_TASK_
For this exercise, output the entries below exactly from the line that holds "Now this is" to the line that holds "Then you can", both ends included. No pictures belong in the copy.

_RECORDS FOR THIS TASK_
- Opening Delimiter -
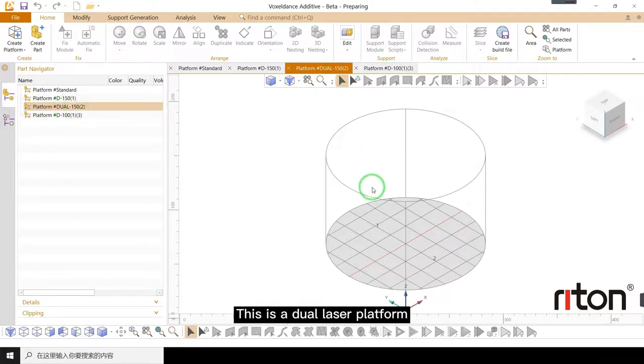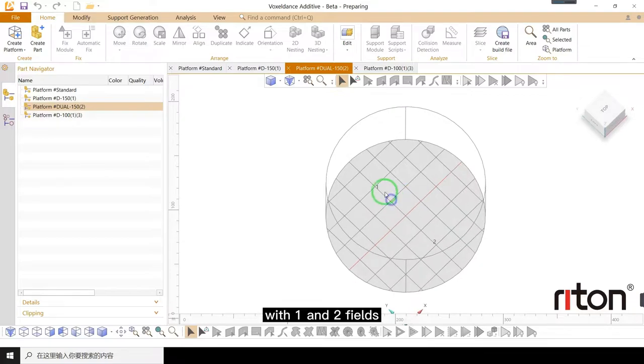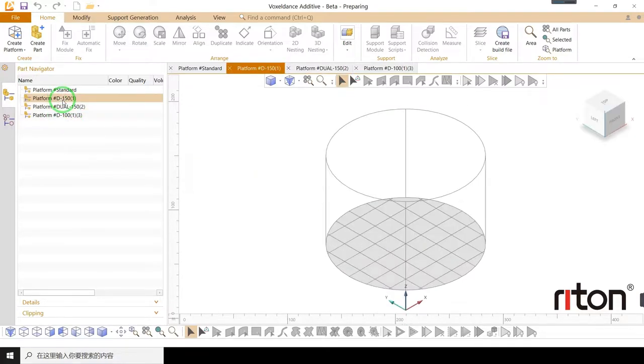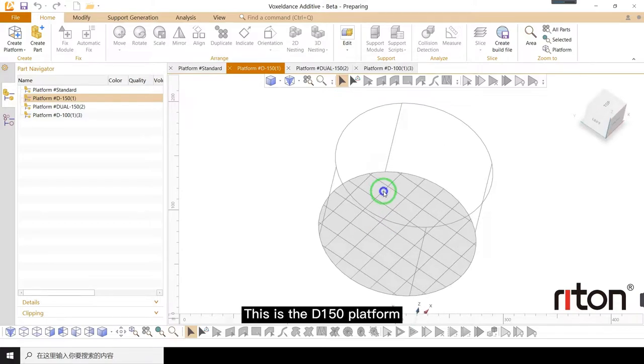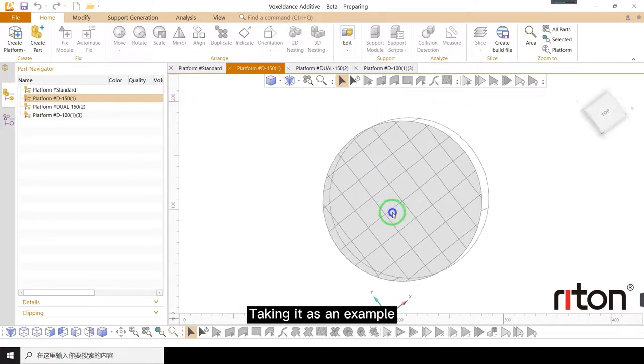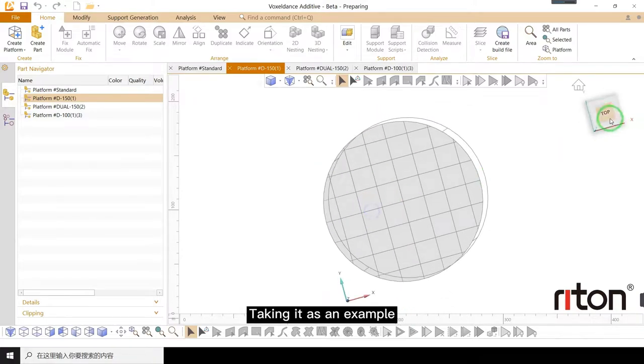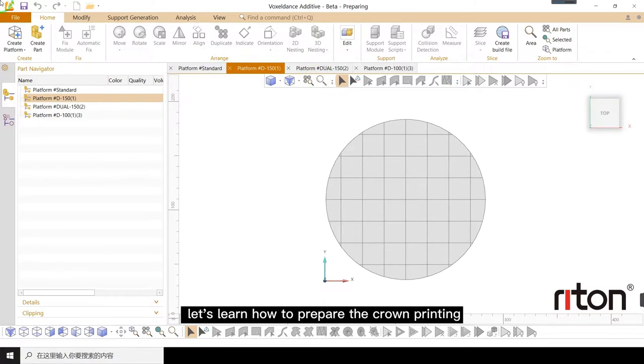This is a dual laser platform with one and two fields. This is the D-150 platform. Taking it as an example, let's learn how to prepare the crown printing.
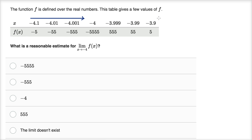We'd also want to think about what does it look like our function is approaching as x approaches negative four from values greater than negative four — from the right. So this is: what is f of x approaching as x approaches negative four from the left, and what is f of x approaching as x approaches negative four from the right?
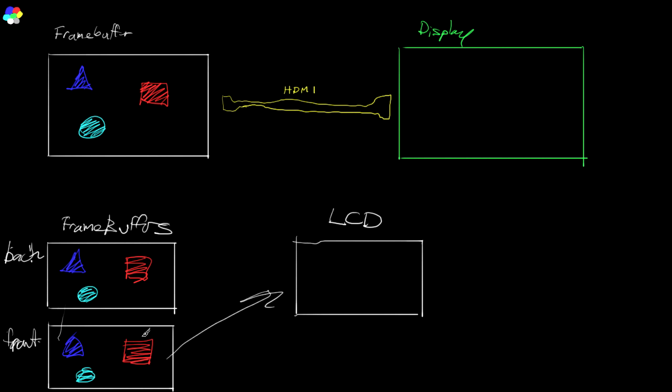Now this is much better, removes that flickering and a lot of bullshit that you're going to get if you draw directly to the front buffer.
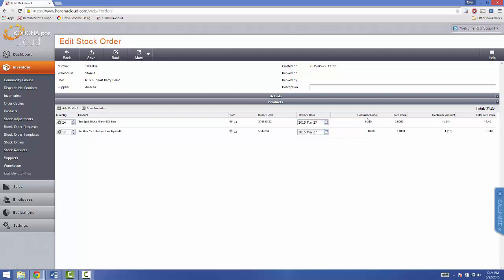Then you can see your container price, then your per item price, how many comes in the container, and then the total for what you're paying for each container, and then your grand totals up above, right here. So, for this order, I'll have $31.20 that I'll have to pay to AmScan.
- Closing Delimiter -
- Opening Delimiter -
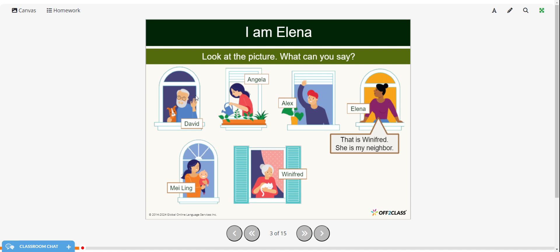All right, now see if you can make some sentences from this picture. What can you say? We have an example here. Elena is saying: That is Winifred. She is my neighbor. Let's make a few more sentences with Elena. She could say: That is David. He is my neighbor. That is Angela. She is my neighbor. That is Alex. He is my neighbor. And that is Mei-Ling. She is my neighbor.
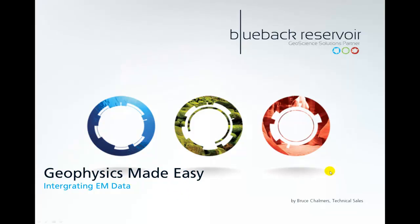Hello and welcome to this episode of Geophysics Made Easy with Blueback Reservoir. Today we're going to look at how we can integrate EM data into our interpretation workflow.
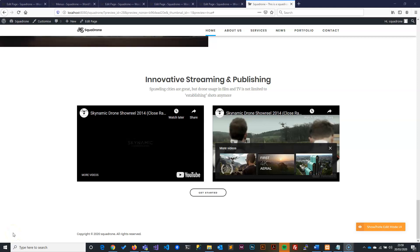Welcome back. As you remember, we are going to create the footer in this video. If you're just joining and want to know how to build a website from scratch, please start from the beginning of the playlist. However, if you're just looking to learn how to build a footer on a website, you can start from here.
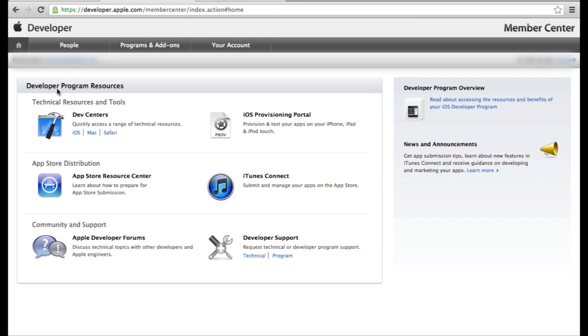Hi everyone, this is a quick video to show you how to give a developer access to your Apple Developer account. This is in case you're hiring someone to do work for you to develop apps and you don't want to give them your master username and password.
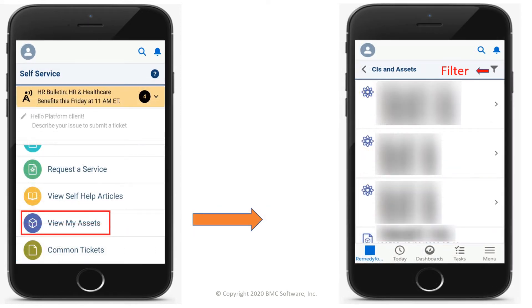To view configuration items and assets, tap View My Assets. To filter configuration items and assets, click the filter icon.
- Closing Delimiter -
- Opening Delimiter -
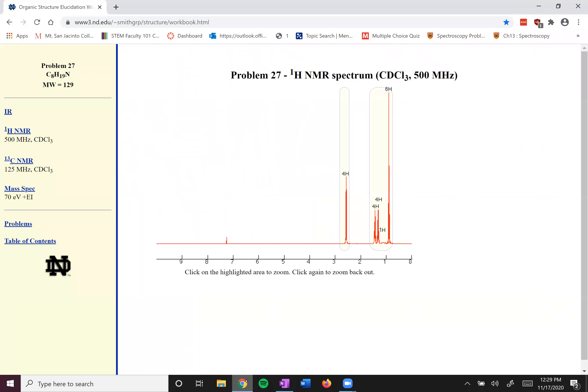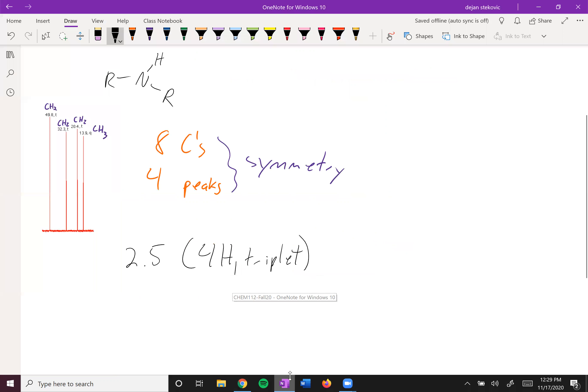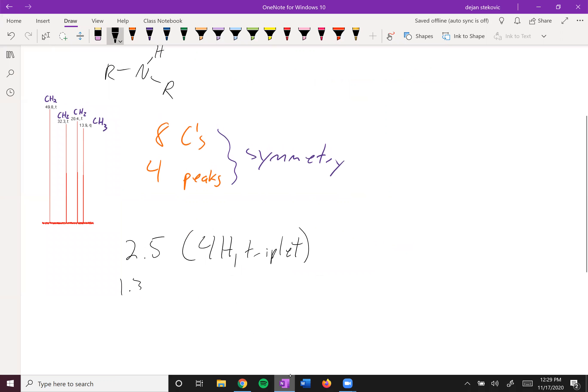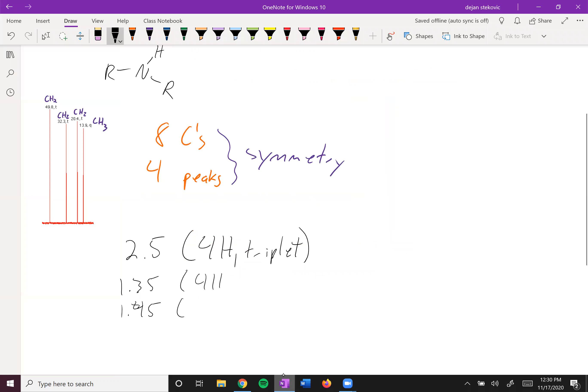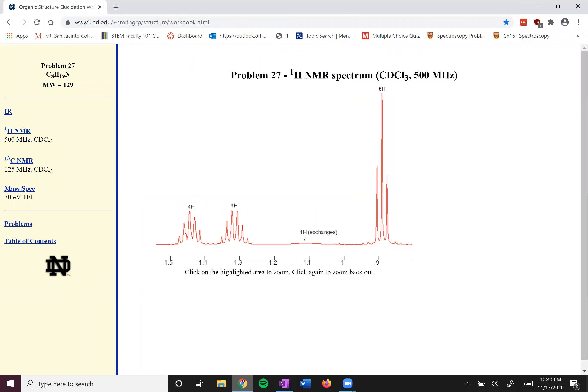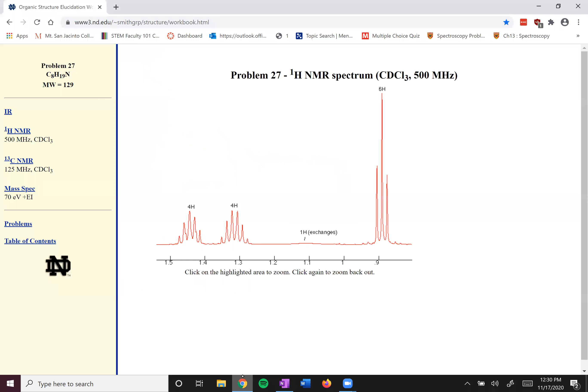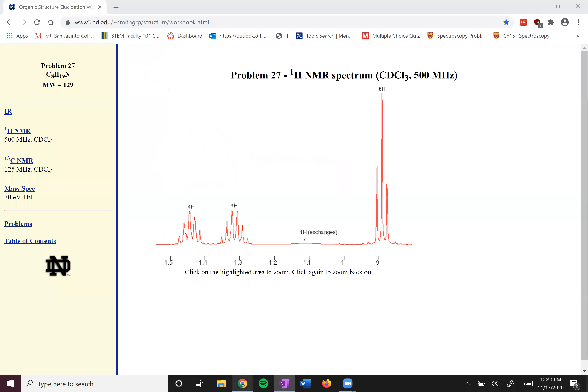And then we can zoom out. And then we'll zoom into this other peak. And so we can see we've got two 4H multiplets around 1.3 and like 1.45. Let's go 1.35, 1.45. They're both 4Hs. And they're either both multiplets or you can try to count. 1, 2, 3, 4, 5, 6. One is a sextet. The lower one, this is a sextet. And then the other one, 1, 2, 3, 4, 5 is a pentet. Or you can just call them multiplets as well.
- Closing Delimiter -
_EXERCISE RESPONSE_
Now this is much better, removes that flickering and a lot of bullshit that you're going to get if you draw directly to the front buffer.
Then you can see your container price, then your per item price, how many comes in the container, and then the total for what you're paying for each container, and then your grand totals up above, right here. So, for this order, I'll have $31.20 that I'll have to pay to AmScan.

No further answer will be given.